How Janicza Bravo and ‘Zola’ Are Changing the Narrative

Script contributor Thuc Nguyen speaks one-on-one with ‘Zola’ director/co-writer Janicza Bravo about casting, landing on visual creative choices, and her advice for women to stay in their power.

(L-R) Riley Keough, Taylour Paige Photo By: Anna Kooris, A24

It’s not every day you have a film producer running towards you yelling “that email has dicks in it”, but this happened to Janicza Bravo. She’s a New Yorker turned Angeleno who gets away with taking photos of people on the sly… “95% of the time”. Call it street photography. Being a stealth shutterbug is one of the parts of the director and co-writer of the highly anticipated film Zola starring newcomer Taylour Paige in the titular role and Riley Keough who plays “Stefani” (with Colman Domingo as “X” aka “the roommate”, Nicholas Braun as “Derek” aka the boyfriend, along with Ts Madison in a kick-ass cameo playing “Hollywood”).

Bravo wrote the screenplay with Jeremy O. Harris, based on source material from A'Ziah King (148 tweets written in 2015 called #TheStory with a first line that became its own meme). The story is about two women who meet, hit it off and go on a “ho trip” to Tampa, Florida together (with two guys from Stefani’s life in tow). Zola thinks they’re going to dance in strip clubs, except Stefani has other plans.

You have to watch out for Bravo, not just because she’s a hotshot director who’s inundated for the next couple of years, but because she might take your picture without you knowing it, or she might be sitting next to you in a Los Angeles movie theater seeing what you think of her work. She’s also a friend to nudists in Florida (more on that in a bit). Bravo is looking, snapping and watching. She’s been upping her game from a handful of short films, some work directing television, to now her second feature. This film made a huge splash at the Sundance Film Festival and is out from A24. Bravo credits being able to have the chance to “explore comfortably and to be able to ask questions and not always have all the answers” to how she pulled off her latest project.

In Zola, the two main characters talk about being up on each other’s social media. Bravo’s not on Twitter, but she is on Instagram. This is one of the ways she found Taylour Paige and knew in her gut this was the right woman to play Zola, out of the almost 800 actresses the team looked at. Bravo “went deep into her [Paige’s] Instagram” and found a video of her dancing in a room of mirrors. This informed the casting decision. Bravo also randomly saw Taylour in person in Los Angeles. Here’s how Bravo’s story goes. “I was at a coffee shop and in walks Taylour. I took a picture of her (without asking). She rolls her eyes at me. She’s not having it. We had her in for an audition. She and I didn’t talk about that day at the coffee shop for a year after. She says she was not rolling her eyes, just probably having a bad day. That’s her version of it.” Wink.

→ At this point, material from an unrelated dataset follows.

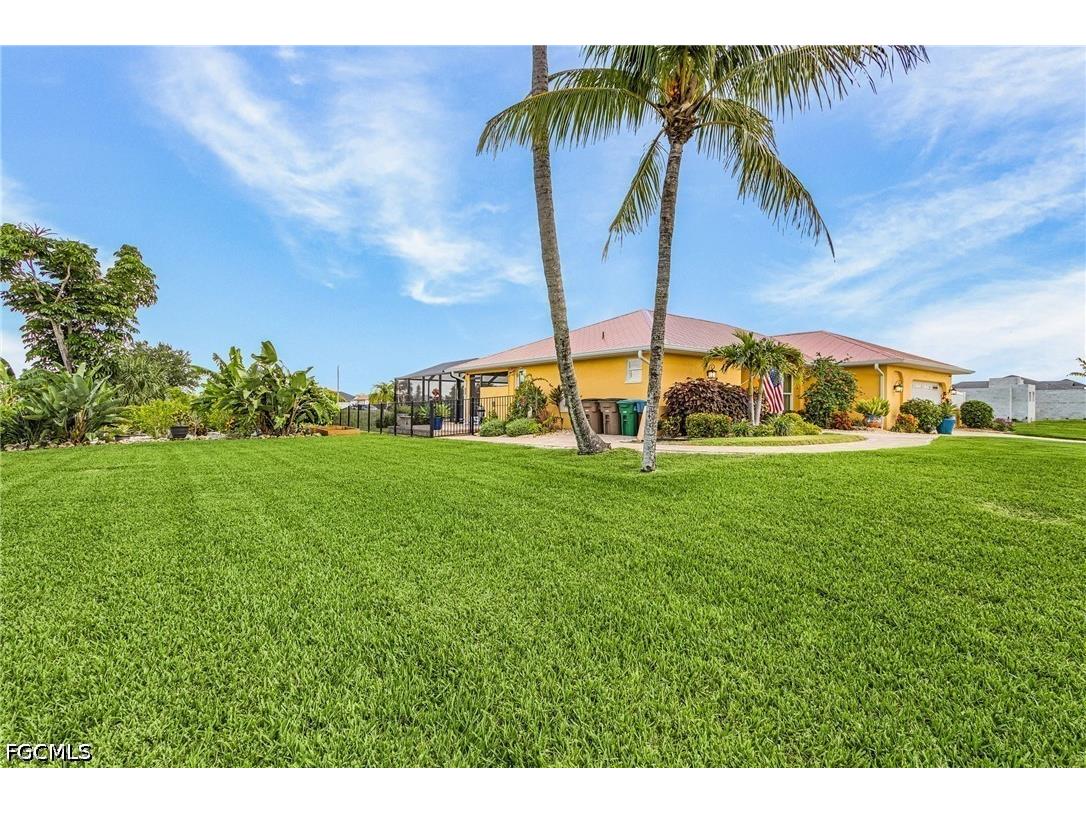 1205 NE 11th Terrace Cape Coral FL 33909 2026025460 image4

Janicza Bravo. Photo by Clifford Prince King

Let’s move on from the eyes, those “windows to the soul”. Let’s talk about “snout cam”. This is what Bravo calls an angle where a lot of actors are shot “up the nose”, when they’re playing on a cell phone in a scene. She wanted to avoid this, so in Zola, we have the characters speaking things out loud that they’re texting to one another. It’s a great device to avoid snout cam and for dramatic effect. It really is. This is one of the “parameters” Bravo decided on when making the film. She says it comes from her being a “theater kid” who didn’t go to film school. Bravo spent from junior high until college in New York City. She left the Brooklyn neighborhood of Williamsburg in 2008 for the cross-country trek to Los Angeles.

Have the words “ho trip” come out of your mouth? Have you heard them more so lately in real life? Bravo has. As for the parameters to gauge the success of Zola? Bravo tells me about a fantasy of hers. It goes like this- “I’ll know I’ve made it when both of my lead actresses have lines from the movie shouted at them on the street.” If “ho trip” becomes part of the popular vernacular, you know your work got to people.

Let’s move lower now and to why Bravo is a friend to nudists. She casted a handful of them for the movie, hence an email full of dick pics. Get ready for some full-frontal (when maybe you were expecting this film to be all about T n’ A?). You get your “female gaze” head on.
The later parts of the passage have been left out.